Top 10 Metal Gear games

1 Metal Gear Solid 3: Snake Eater

Kojima unleashed. His roundest work. It is no longer that Metal Gear Solid 3: Snake Eater was the culmination at the graphic and technical level of PlayStation 2, but rather that it had taken the best of Metal Gear Solid and Metal Gear Solid 2, it had been shaken in a cocktail shaker -together with a touch additional design- and had launched it to the player as a probe balloon. To top it off, the “bugs” that the game had were corrected in the later Subsistence version, where we were awarded a new “free” camera and an endless amount of additional content.

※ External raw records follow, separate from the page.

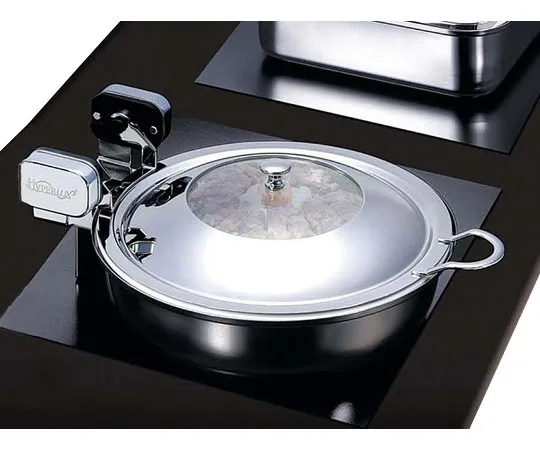 63-7160-39　Hyperlux Round Electromagnetic Server Stainless Steel Lid Type (Normal Hinge) 34 cm 643　3884300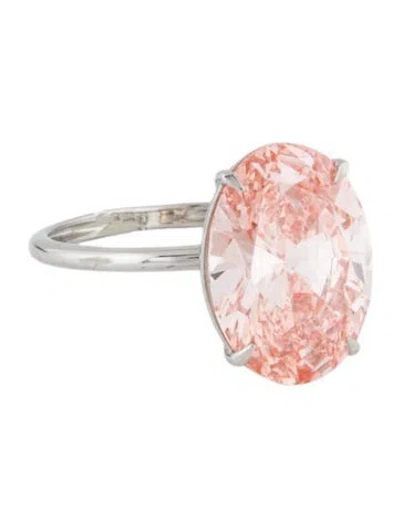 Pre-owned Engagement Ring Platinum 5.05ct Lab-grown Diamond Solitaire In Multi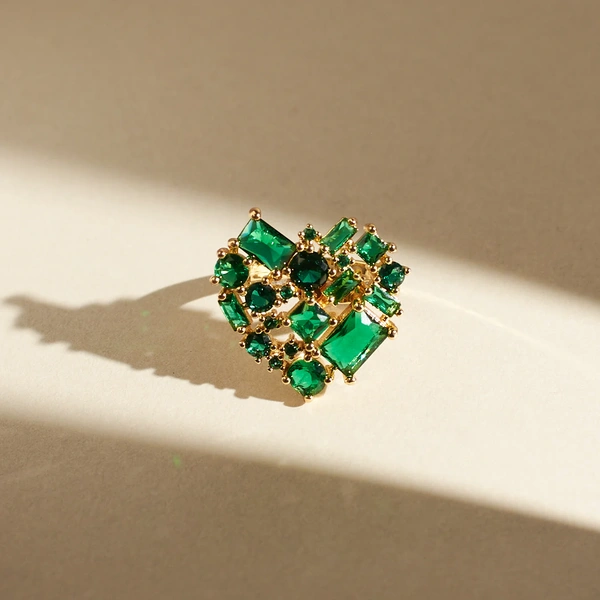 Vibrant Mossy Gem Ring
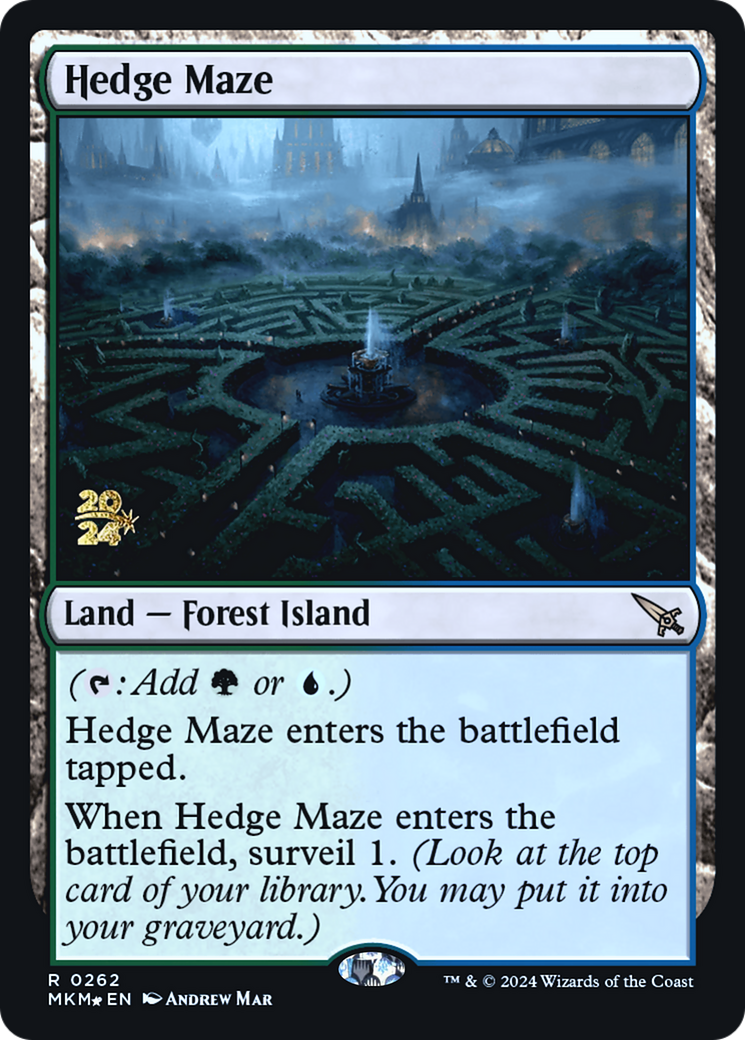 Hedge Maze [Murders at Karlov Manor Prerelease Promos] | The Clever Kobold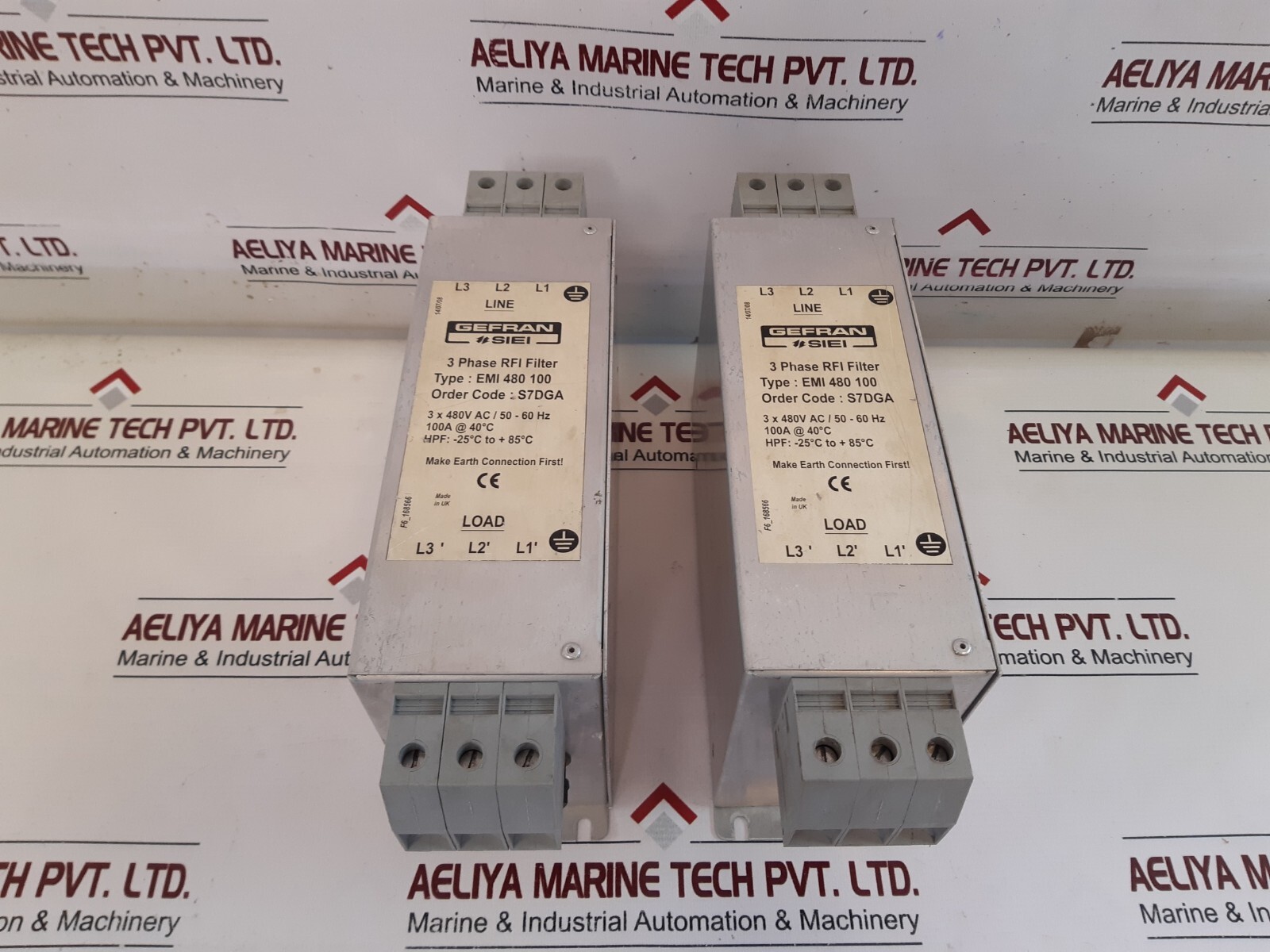 GEFRAN EMI 480 100 3-Phase RFI Filter 480V AC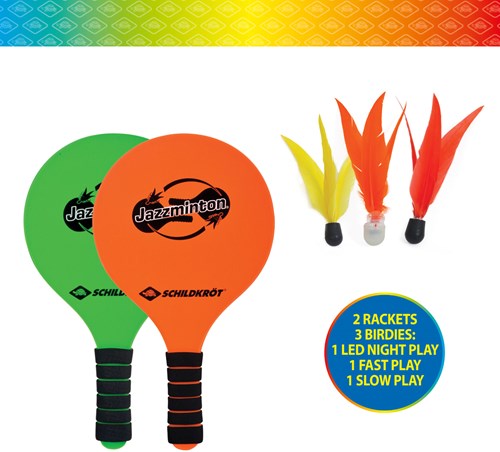Schildkröt Jazzminton set beachball LED birdies divertimento-2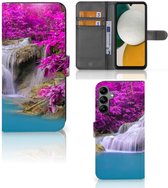 Wallet Bookcase Geschikt voor Samsung Galaxy A34 Telefoonhoesje Waterval
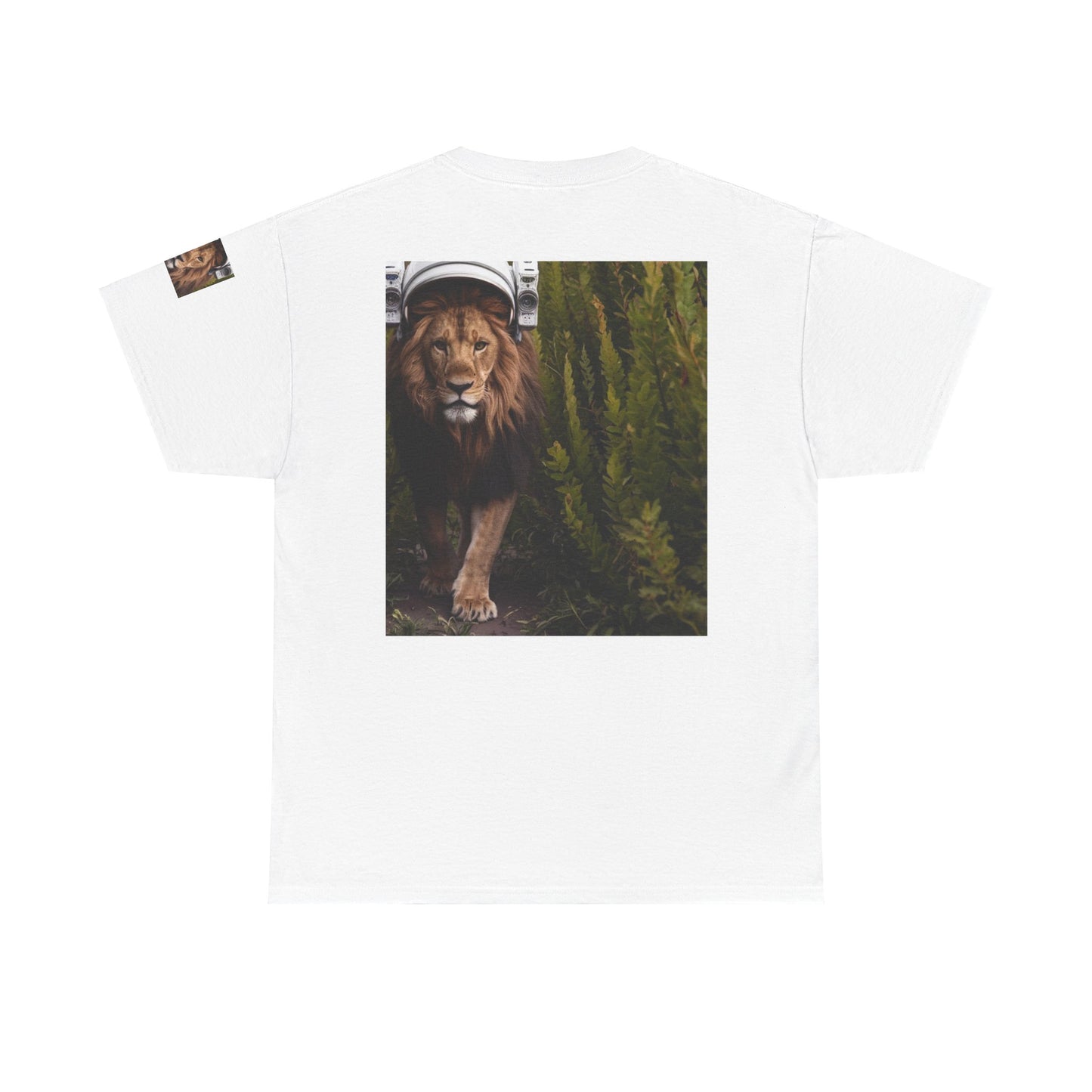 T-Shirt Astronaut Lion King in Space Bush Jungle Tee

Konami’s team gave birth to a perfect play at the playable and plot level. Going to the past was a more than right decision, since the temporary “limitations” were supplied with an astonishing creativity (with contributions such as camouflage, surviving in the jungle and not starving, healing in the face of adversity, etc.). Likewise, if MGS2 put his finger on the sore, with MGS3 Kojima it was no less: he got into geopolitical conflicts, sailed in the tumultuous waters of ideology, the purchase of information by countries, the power hidden in the shadows, the list of spies in the Cold War (with its James Bond touch) and much more. As soon as it was released, MGS3 supposed to square the circle for Kojima himself and all his subsequent works.

Top 10 Metal Gear games

About author

Chris Watson is a gaming expert and writer. He has loved video games since childhood and has been writing about them for over 15 years. Chris has worked for major gaming magazines where he reviewed new games and wrote strategy guides. He started his own gaming website to share insider tips and in-depth commentary about his favorite games. When he's not gaming or writing, Chris enjoys travel and hiking. His passion is helping other gamers master new games.